According to Kabane, fraud, waste and abuse presents itself in various forms, and is carried out by different stakeholders within the industry, including some healthcare professionals (doctors, pharmacists, etc.), members, and medical schemes.
“Fraud, waste and abuse also presents itself by way of over-billing for services or supplies, falsifying patient data to obtain payments from medical schemes, referring patients to specific specialists or hospitals in return for kickbacks, as well as misrepresenting diagnoses and miscoding of claims to obtain payments or more money than justified; all these are costing the industry more than R22 billion per year,” explains Kabane.
“Fraud has become a material obstacle to achieving universal access to quality and affordable healthcare and poses a real threat to efforts towards the National Health Insurance (NHI).
The negative effects of fraud, waste and abuse in the private healthcare sector are far-reaching and continue to seriously undermine the stability of the health industry, infringing on the values of democracy, justice and the rule of law.

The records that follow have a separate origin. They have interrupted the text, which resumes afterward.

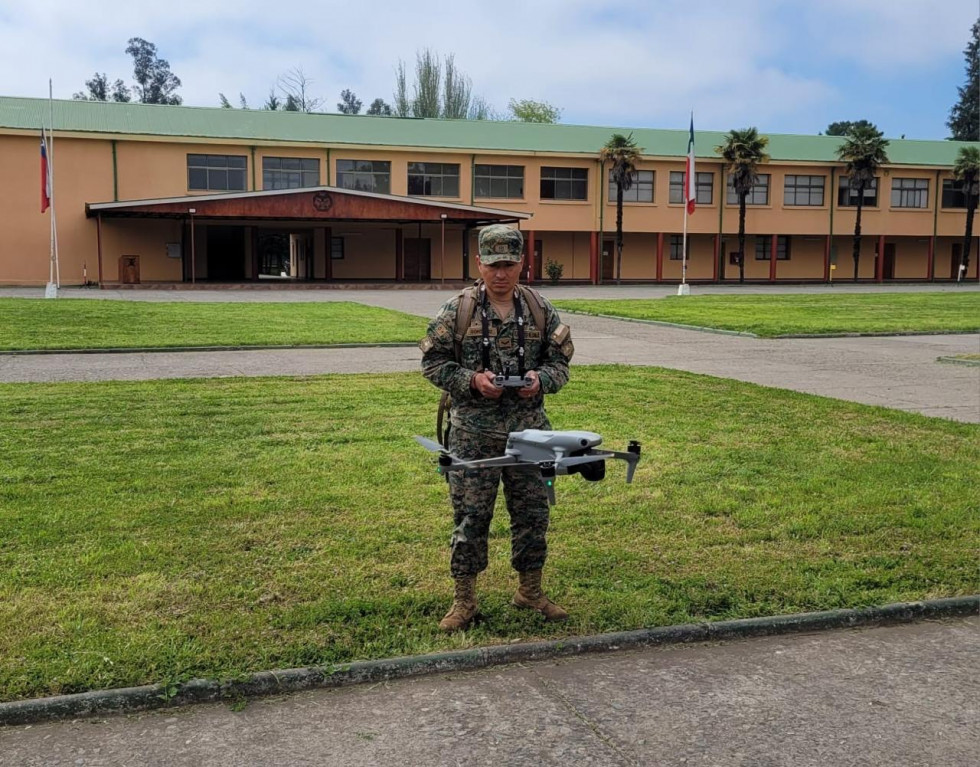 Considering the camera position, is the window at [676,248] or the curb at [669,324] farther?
the window at [676,248]

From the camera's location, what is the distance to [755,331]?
21.2m

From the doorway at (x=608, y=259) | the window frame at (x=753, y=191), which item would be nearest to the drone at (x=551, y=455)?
the doorway at (x=608, y=259)

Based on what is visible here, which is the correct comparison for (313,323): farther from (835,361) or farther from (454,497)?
(454,497)

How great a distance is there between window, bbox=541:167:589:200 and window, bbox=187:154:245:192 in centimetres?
1557

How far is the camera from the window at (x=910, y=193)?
2297 inches

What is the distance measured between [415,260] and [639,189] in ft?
42.1

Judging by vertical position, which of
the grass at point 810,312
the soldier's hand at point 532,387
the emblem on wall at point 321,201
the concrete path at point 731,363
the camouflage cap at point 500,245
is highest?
the emblem on wall at point 321,201

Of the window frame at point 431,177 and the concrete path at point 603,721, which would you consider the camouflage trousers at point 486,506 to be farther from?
the window frame at point 431,177

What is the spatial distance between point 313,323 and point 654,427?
45.5ft

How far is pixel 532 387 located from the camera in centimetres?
435

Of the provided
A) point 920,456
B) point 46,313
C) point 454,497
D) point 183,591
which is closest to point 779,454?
point 920,456

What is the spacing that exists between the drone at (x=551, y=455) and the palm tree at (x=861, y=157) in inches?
2189

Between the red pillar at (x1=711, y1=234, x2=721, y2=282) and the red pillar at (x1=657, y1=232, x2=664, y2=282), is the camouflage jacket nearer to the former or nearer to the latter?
the red pillar at (x1=657, y1=232, x2=664, y2=282)

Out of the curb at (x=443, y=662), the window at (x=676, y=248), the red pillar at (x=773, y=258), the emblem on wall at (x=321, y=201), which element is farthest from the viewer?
the window at (x=676, y=248) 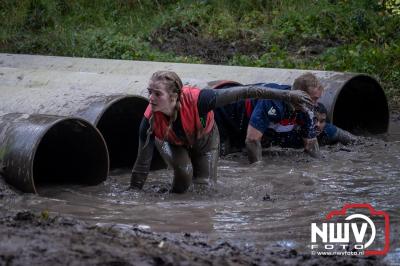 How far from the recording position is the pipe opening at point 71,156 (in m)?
7.40

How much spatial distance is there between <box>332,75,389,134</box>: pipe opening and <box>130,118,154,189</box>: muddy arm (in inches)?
162

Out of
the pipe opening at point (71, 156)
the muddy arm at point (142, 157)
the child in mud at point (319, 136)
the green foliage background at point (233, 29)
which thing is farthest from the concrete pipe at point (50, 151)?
the green foliage background at point (233, 29)

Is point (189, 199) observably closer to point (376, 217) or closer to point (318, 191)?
point (318, 191)

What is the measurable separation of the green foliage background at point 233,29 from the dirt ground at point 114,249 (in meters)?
7.52

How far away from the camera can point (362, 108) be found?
10875mm

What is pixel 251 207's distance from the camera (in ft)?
21.1

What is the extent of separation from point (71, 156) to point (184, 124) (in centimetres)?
162

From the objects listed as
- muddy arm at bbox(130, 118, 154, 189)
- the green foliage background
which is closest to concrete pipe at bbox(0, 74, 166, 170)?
muddy arm at bbox(130, 118, 154, 189)

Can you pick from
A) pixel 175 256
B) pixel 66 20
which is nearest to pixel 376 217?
pixel 175 256

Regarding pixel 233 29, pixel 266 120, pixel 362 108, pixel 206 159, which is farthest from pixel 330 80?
pixel 233 29

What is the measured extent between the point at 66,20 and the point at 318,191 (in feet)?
37.8

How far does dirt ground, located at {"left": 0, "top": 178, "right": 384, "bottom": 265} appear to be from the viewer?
159 inches

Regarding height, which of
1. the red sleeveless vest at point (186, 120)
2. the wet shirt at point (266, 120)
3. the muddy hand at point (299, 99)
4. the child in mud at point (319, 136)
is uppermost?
the muddy hand at point (299, 99)

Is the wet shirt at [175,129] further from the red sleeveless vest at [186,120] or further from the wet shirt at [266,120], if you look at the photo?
the wet shirt at [266,120] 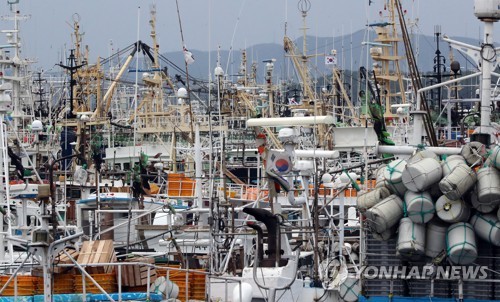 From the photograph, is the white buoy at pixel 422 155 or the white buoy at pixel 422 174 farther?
the white buoy at pixel 422 155

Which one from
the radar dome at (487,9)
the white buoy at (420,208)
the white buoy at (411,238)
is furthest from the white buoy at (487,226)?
the radar dome at (487,9)

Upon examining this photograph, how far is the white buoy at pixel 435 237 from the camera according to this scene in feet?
54.5

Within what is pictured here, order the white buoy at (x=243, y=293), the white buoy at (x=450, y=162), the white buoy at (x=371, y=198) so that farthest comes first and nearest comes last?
1. the white buoy at (x=243, y=293)
2. the white buoy at (x=371, y=198)
3. the white buoy at (x=450, y=162)

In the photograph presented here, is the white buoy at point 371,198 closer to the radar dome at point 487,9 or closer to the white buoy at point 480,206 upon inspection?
the white buoy at point 480,206

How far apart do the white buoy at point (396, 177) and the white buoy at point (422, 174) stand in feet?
0.69

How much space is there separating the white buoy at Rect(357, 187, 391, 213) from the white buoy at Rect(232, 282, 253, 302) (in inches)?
71.4

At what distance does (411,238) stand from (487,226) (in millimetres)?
933

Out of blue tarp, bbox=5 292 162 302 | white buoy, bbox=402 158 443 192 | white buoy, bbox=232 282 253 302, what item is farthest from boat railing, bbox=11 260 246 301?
white buoy, bbox=402 158 443 192

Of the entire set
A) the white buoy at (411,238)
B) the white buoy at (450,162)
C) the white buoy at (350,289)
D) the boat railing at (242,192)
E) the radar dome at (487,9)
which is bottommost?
the white buoy at (350,289)

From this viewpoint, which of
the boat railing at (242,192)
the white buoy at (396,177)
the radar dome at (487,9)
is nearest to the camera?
the white buoy at (396,177)

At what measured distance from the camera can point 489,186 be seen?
1628cm

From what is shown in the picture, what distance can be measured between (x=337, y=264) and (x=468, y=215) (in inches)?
179

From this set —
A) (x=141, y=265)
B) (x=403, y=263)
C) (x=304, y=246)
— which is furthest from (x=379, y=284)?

It is the ordinary members of medical schemes that bear the burden of high medical scheme contributions, because of fraud, waste and abuse in the private healthcare sector. “The current state of affairs is unsustainable. Collectively, all stakeholders need to come together in developing a workable solution to addressing the challenge,” says Dr Kabane.
He highlights that, “Our aim, as an entity mandated to protect the interest of members of medical schemes in terms of the Medical Schemes Act, No. 131 of 1998, is to ensure the stability and financial sustainability of the healthcare industry. Fraud, waste and abuse must be effectively and urgently addressed to stop the ripple effects these could pose to the NHI.”
Speakers during the summit will include the Acting Chief Executive & Registrar, Dr Sipho Kabane, Head of the Special Investigating Unit (SIU), Advocate Andy Mothibi, as well as key role players from the industry.